When the architect Sir John Soane finally managed to install his greatest treasure in his extraordinary combined home, studio and museum in London, he threw a three-day party to celebrate.

The sarcophagus of the pharaoh Seti I, carved from a single vast block of translucent alabaster, cost Soane £2,000 after the British Museum turned it down as too expensive. Getting in the 3,000-year-old relic, the size of a small boat and weighing several tonnes, involved knocking down a sizeable chunk of his back wall, and demolishing his unfortunate housekeeper’s sitting room.

Over three days and nights, almost 900 people trooped through his rooms and into the basement renamed “the Sepulchral Chamber”, where the sarcophagus glowed eerily, lit by candles placed inside. The museum recently recreated the experiment, and deputy director Helen Dorey recalled the extraordinary effect when the whole block lit up like a lantern, and the thousands of tiny human figure hieroglyphics carved into every inch of stone seemed to flicker and move. “It was a truly shiver down the spine moment,” she said.

The sarcophagus of Seti I is carved from a single vast block of alabaster.
In 1824 it was a sensation. The Morning Post praised the “liberal and patriotic” owner and reported: “We believe that there is no country in Europe which would not be proud of possessing such a rarity and that the Emperor of Russia, in particular, would rejoice to obtain it.”

Dorey, who has been researching the celebrations from the meticulous accounts preserved in Soane’s archives, found that all Soane’s apprentices were set to writing invitations for a week. Extra waiting staff were hired and the guests got through six pounds of tea and 31 pounds of sugar over the three nights, quantities of brandy, ale and porter, and cakes ordered in from Robinson and Todd’s in nearby Fleet Street. Just lighting the outside of the building cost almost £25, with hundreds more oil and candle lamps hired for the interiors.

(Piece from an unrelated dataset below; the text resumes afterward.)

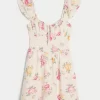 Flutter Sleeve V-Waist Mini Dress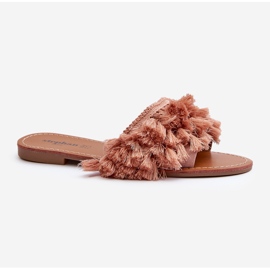 Chinelos planos femininos com franjas, Rialle rosa sujo 1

The painter Benjamin Robert Haydon managed to get into one of the receptions where he literally bumped into JMW Turner and the poet Samuel Taylor Coleridge. He arrived in time to witness the grand entrance of the Duke of Sussex, “squeezing and wheezing along the narrow passage, driving all the women before him like a Blue-Beard, and putting his royal head into the coffin, added his wonder to the wonder of the rest”.

The sarcophagus was discovered in October 1817 in the monumental tomb of Seti, one of the most elaborate in the Valley of the Kings, by an extraordinary character, Giovanni Belzoni.

Belzoni was a circus strongman – born in Italy, he called himself the Patagonian Sampson – turned self-taught engineer and finally Egyptologist. An exhibition at the Sir John Soane’s museum celebrating the bicentenary of his discovery includes objects from the tomb and illustrations of the paintings covering every surface, which were still blazing with colour when he found them. Curator Joanna Tinworth can’t prove that Belzoni and Soane ever met, but the architect took a keen interest in the discovery even before he bought the sarcophagus.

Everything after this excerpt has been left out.